De tanto no ver, de tanto no dejarnos ver, hemos aprendido a ser ciegos.
Un hombre mayor caminaba agachado, cargando una mochila llena. Sus sandalias hacían contraste con las losas de piedra verde y brillante que, en un arranque de embellecimiento preferencial, colocó la Municipalidad en algunas aceras de la Zona Viva. Junto a sus rasgos indígenas, me hicieron pensar que la mochila era la versión moderna y urbana del mecapal, nomás que con el peso sobre los hombros. La lentitud de su paso y el aspecto ajado de su piel hablaban de una vida de trabajo duro.
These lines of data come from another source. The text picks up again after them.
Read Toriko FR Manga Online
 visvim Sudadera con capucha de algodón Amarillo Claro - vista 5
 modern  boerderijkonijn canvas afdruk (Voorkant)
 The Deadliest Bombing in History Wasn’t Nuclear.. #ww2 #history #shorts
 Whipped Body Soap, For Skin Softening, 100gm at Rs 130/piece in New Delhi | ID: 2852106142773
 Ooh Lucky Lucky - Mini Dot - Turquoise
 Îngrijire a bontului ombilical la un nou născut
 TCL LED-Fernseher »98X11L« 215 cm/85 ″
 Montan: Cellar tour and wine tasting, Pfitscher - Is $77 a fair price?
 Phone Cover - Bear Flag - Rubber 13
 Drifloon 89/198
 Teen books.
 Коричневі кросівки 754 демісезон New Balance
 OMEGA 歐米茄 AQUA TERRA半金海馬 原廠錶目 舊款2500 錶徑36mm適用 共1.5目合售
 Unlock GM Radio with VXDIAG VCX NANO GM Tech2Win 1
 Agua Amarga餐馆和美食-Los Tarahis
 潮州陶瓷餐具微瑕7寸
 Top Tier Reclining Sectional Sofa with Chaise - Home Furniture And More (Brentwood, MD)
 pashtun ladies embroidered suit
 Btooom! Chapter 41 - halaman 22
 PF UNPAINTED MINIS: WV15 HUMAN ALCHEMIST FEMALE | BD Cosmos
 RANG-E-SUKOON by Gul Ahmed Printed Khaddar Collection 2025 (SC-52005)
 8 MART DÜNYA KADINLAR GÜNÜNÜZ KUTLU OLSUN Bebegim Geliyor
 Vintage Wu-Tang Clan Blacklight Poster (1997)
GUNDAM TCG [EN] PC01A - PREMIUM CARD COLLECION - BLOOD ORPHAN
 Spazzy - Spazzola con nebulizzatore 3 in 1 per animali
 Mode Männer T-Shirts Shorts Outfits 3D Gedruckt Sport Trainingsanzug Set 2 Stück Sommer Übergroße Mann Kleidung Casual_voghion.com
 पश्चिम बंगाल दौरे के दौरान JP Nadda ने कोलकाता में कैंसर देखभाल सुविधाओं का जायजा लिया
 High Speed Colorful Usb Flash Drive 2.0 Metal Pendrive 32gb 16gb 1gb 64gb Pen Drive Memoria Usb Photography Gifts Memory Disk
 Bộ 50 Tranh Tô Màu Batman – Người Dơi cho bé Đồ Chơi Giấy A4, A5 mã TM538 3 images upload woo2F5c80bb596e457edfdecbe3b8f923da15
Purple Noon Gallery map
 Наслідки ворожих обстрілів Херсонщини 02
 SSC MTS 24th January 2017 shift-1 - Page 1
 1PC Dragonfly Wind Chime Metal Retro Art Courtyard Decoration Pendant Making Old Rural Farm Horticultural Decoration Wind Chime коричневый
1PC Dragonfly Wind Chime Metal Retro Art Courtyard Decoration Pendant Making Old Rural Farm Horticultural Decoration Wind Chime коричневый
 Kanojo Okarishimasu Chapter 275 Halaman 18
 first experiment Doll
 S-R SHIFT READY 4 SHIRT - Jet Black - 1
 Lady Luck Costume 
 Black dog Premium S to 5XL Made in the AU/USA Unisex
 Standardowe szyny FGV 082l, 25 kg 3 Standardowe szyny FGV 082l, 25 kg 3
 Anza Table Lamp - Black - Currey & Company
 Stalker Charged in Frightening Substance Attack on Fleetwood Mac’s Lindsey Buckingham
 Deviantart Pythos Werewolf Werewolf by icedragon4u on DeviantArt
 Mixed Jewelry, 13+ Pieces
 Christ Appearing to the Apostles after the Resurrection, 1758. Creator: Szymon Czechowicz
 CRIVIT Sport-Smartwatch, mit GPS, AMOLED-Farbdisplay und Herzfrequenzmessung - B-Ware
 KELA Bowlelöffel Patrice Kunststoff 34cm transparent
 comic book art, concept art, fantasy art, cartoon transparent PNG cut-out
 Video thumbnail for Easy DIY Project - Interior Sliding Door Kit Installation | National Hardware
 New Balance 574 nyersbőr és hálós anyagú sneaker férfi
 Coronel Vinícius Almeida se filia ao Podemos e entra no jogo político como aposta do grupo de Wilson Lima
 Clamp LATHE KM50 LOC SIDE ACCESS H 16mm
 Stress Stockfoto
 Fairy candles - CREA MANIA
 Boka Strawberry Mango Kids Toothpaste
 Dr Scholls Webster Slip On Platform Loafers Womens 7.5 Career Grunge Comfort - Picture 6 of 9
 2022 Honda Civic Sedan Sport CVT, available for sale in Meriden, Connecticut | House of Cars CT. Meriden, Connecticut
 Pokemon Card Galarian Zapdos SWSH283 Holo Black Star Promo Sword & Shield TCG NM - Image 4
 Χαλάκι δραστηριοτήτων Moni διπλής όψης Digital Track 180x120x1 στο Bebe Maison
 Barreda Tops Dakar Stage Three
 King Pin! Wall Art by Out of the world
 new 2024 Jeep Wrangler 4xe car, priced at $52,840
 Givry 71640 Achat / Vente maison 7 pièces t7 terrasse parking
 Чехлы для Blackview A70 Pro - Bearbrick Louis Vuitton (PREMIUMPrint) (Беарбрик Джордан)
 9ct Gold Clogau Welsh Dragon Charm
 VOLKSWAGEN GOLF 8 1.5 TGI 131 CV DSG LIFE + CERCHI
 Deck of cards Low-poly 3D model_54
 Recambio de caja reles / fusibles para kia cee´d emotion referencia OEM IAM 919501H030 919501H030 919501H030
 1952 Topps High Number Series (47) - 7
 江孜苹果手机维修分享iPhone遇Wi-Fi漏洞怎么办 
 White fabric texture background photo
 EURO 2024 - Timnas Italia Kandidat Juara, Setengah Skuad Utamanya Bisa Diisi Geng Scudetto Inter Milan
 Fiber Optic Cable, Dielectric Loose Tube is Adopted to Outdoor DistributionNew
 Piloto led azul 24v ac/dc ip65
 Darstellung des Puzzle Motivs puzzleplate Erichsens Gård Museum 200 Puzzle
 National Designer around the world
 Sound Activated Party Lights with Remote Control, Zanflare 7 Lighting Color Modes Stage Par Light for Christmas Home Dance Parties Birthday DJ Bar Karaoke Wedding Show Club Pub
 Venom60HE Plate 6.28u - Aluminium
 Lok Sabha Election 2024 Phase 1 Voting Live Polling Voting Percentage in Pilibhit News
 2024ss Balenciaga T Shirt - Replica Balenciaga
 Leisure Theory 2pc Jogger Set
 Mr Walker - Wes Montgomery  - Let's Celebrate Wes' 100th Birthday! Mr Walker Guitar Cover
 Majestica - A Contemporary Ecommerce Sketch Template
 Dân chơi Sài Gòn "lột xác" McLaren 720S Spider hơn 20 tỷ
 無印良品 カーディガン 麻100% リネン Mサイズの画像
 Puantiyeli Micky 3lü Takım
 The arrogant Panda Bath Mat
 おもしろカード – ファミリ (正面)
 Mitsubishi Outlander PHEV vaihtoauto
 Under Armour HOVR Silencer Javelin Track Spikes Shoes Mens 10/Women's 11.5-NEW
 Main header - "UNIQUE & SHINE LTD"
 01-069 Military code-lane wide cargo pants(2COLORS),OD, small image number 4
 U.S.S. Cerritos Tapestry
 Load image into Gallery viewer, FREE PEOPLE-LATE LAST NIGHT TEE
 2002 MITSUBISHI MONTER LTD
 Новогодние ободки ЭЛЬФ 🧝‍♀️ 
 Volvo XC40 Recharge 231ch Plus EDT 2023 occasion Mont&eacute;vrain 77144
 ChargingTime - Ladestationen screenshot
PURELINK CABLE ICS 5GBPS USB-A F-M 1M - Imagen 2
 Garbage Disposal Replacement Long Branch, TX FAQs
Al cruzar la calle noté una joven, también indígena, usando una pared como apoyo contra la fatiga y el aburrimiento. Un pequeño atril sostenía un cesto en que ofrecía una variedad de dulces, chicles y algunas otras chucherías. Doscientos quetzales habrían sobrado para cubrir el total de su pequeño inventario.
Un poco más adelante, un grupo de hombres reparaba la calle. El tamaño del esfuerzo era casi inverso al tamaño del obrero. Vi un joven ingeniero, erguido y de tez clara, que parado al margen supervisaba la operación. Vi un hombre moreno y corpulento, con casco y guantes, que hacía las veces de caporal, dando las instrucciones específicas a los obreros. Vi una cuadrilla que movía piedras, cemento y otros materiales, dos jóvenes y dos ya mayores. Los mayores se veían cansados. No solo pesarían los sacos de cemento, sino igualmente los años.
Me vi estorbado por una pareja de enamorados. Mutuamente embelesados, su burbuja de amor ocupaba toda la acera, o quizá lo hacía su caminar zigzagueante. Hay más de una razón para no ver, y estos dos se estaban gozando entera su ceguera.
En una esquina, un hombre daba los toques finales a la columna decorativa de un edificio nuevo. Colocaba una lámina de metal y plástico, que ocultaba la estructura de hierro basto con un acabado brillante y ultramoderno, remedando un artefacto espacial.
Llegué a la Avenida de la Reforma y esperé el semáforo. El tráfico denso fluía rápidamente, con lo que la prudencia pudo más que el ánimo de torear carros. Al cambiar la luz los peatones empezamos a cruzar. Un último piloto, en un BMW blanco, pasó de largo en rojo. Eso de las reglas no era para él tampoco. A decir verdad, no sé si sería hombre o mujer, pues sus vidrios eran oscuros. Ninguno de los peatones habíamos avanzado mayor cosa y el incidente pasó sin novedad.
Me dicen que no debo caminar en Guatemala, que en la zona 10 asaltan. Cuando vamos en carro, los vidrios van altos y el polarizado es profundo. Nos hemos convencido que es para que no nos vean el celular. Pero de tanto no ver, de tanto no dejarnos ver, hemos aprendido a ser ciegos. En esta tierra los brillos de la modernidad y nuestras cavilaciones ensimismadas descansan sobre el lomo de una gente anónima, cansada y pobre. Pero bastan apenas seis cuadras a pie para darnos cuenta que, si queremos llegar de “zona viva” a reforma, tendremos que abrir los ojos.